§ Task inputs
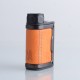 Authentic Wotofo MDura Mini 80W VW Box Mod - Halftone Orange, VW 5~80W, 1 x 18650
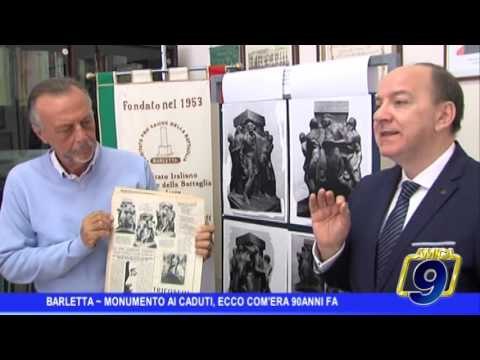 Barletta | Monumento ai Caduti, svelato com'era 90anni fa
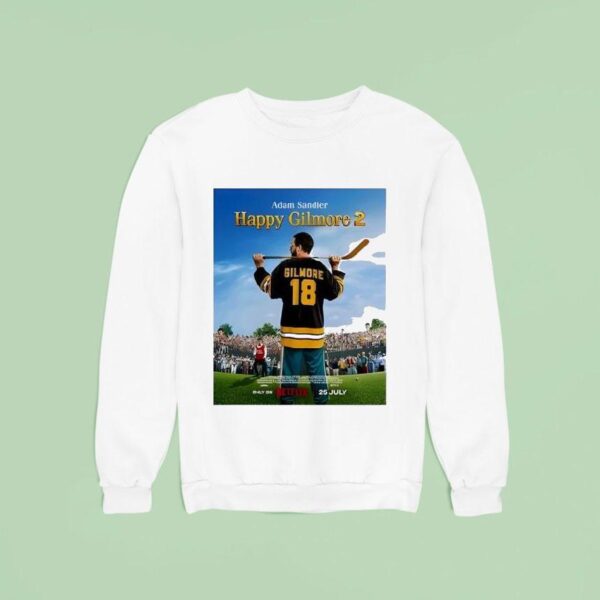 Netflix Happy Gilmore Sweatshirt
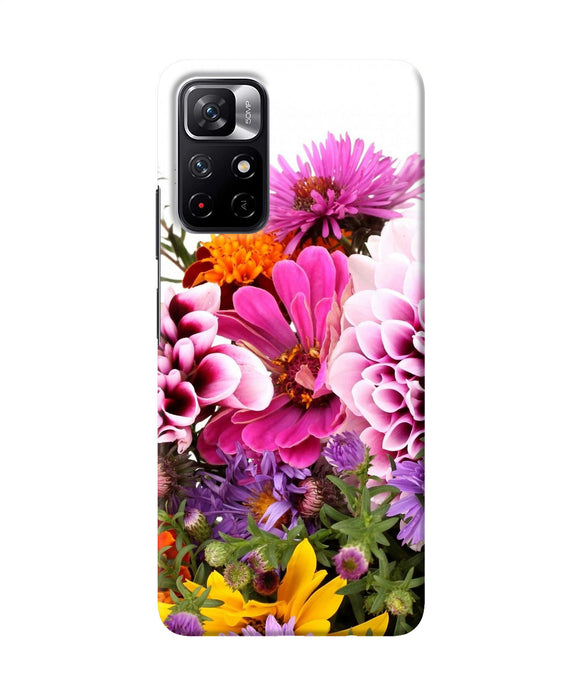 Natural flowers Poco M4 Pro 5G Back Cover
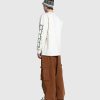 Story mfg. Pantalon Peace Bark Brown Slub | Pantalon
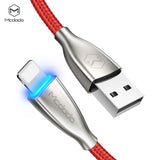 MCDODO Excellence 8-pin Cable 1.2M Red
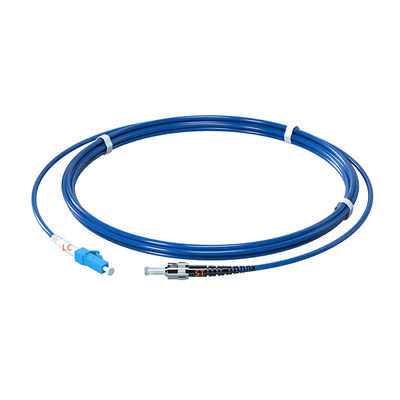 kupować SM LC/UPC to ST/UPC Simplex Armored Fiber Optic Patch Cord Easy and Quick Installation produkcja internetowa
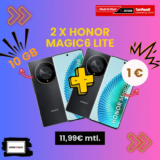 Honor Magic 6 Lite 2er-Pack + 10GB für nur 11,99€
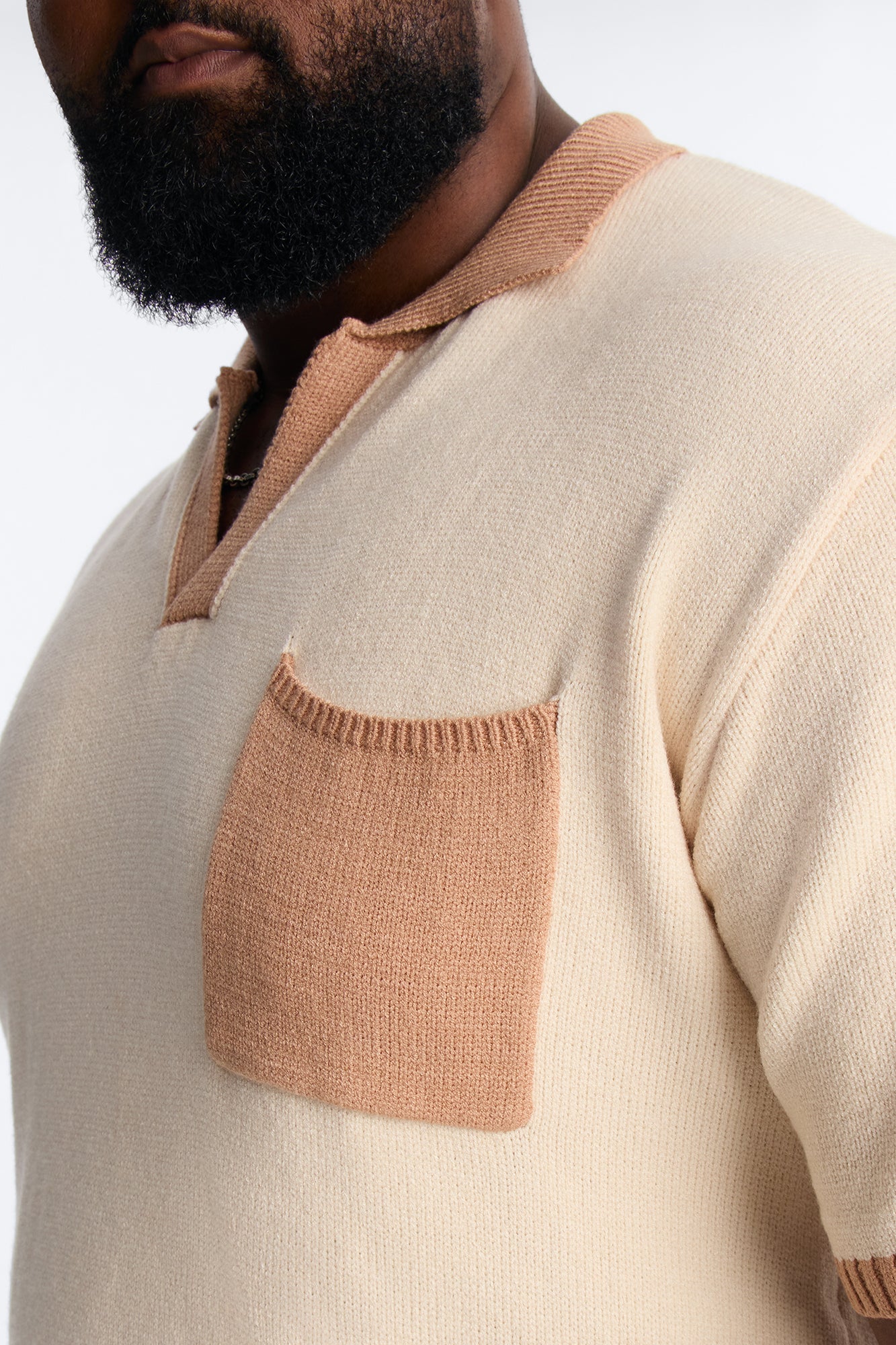 Your Everyday Johnny Polo - Cream - Image 7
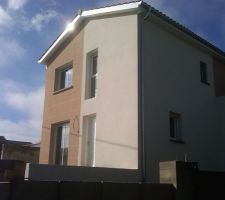 Façade avant.
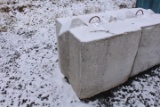 2'X2' CONCRETE BLOCK W/ STAMPING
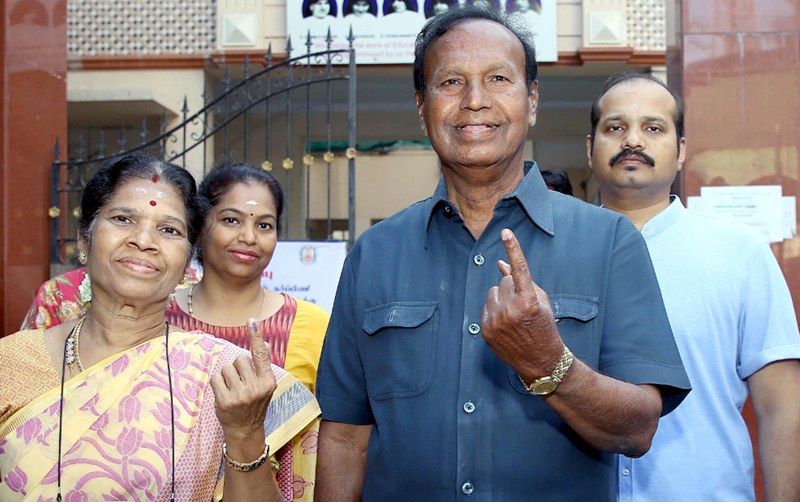 India votes in second phase of General Elections
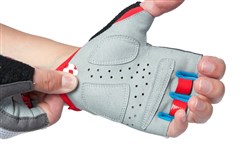 Cube Junior Race Short Finger Cycling Gloves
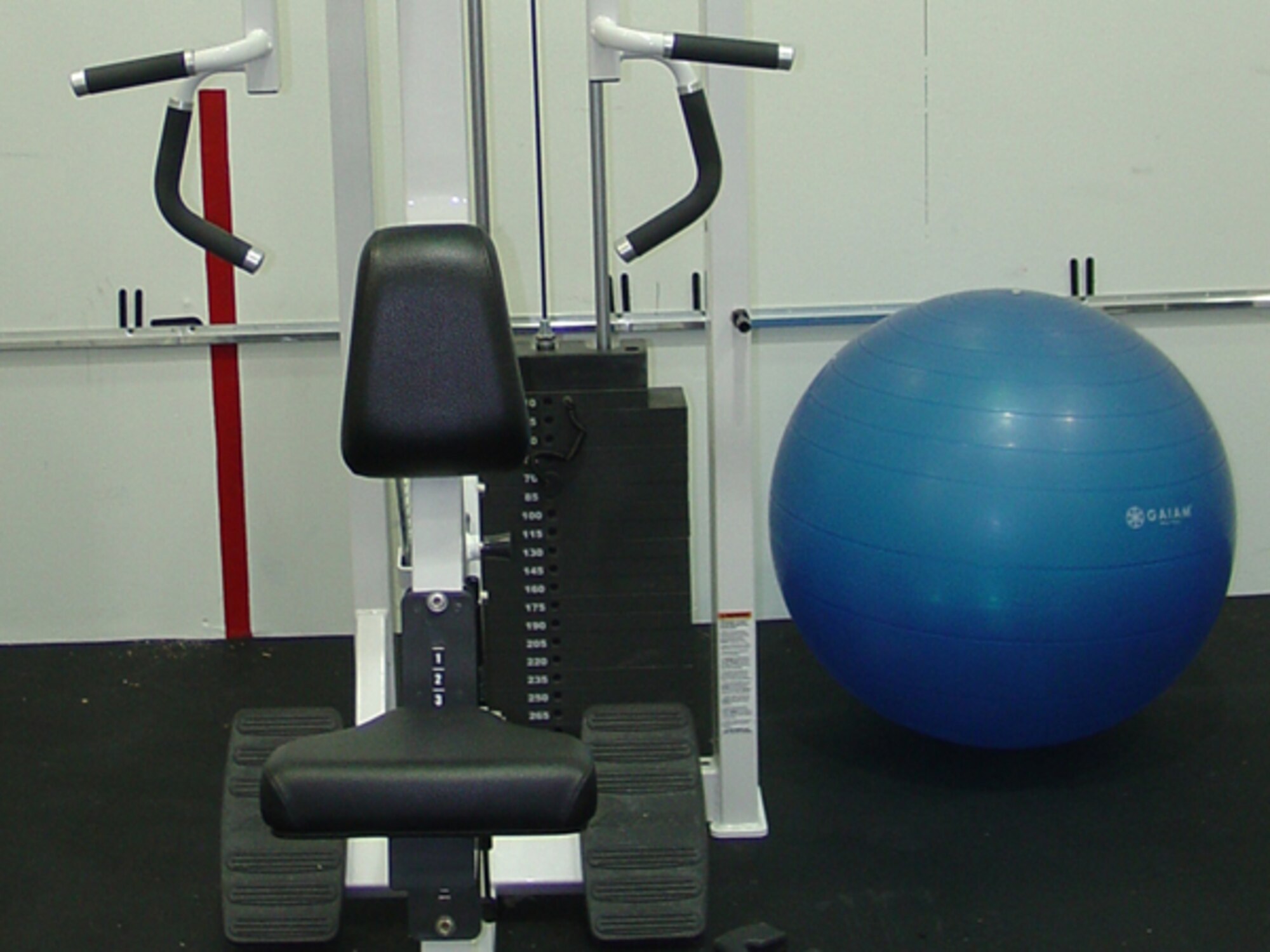 Anyone needing an exercise outlet can come by the Dobbins Fitness Center every
Monday and Friday at 10 a.m.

§ Aim of the task
To answer, repeat exactly the lines from the line containing "2'X2' CONCRETE BLOCK W/ STAMPING" through the last line of the data above, leaving out all pictures.

§ Answer section
 2'X2' CONCRETE BLOCK W/ STAMPING
 India votes in second phase of General Elections
 Cube Junior Race Short Finger Cycling Gloves
 Anyone needing an exercise outlet can come by the Dobbins Fitness Center every
Monday and Friday at 10 a.m.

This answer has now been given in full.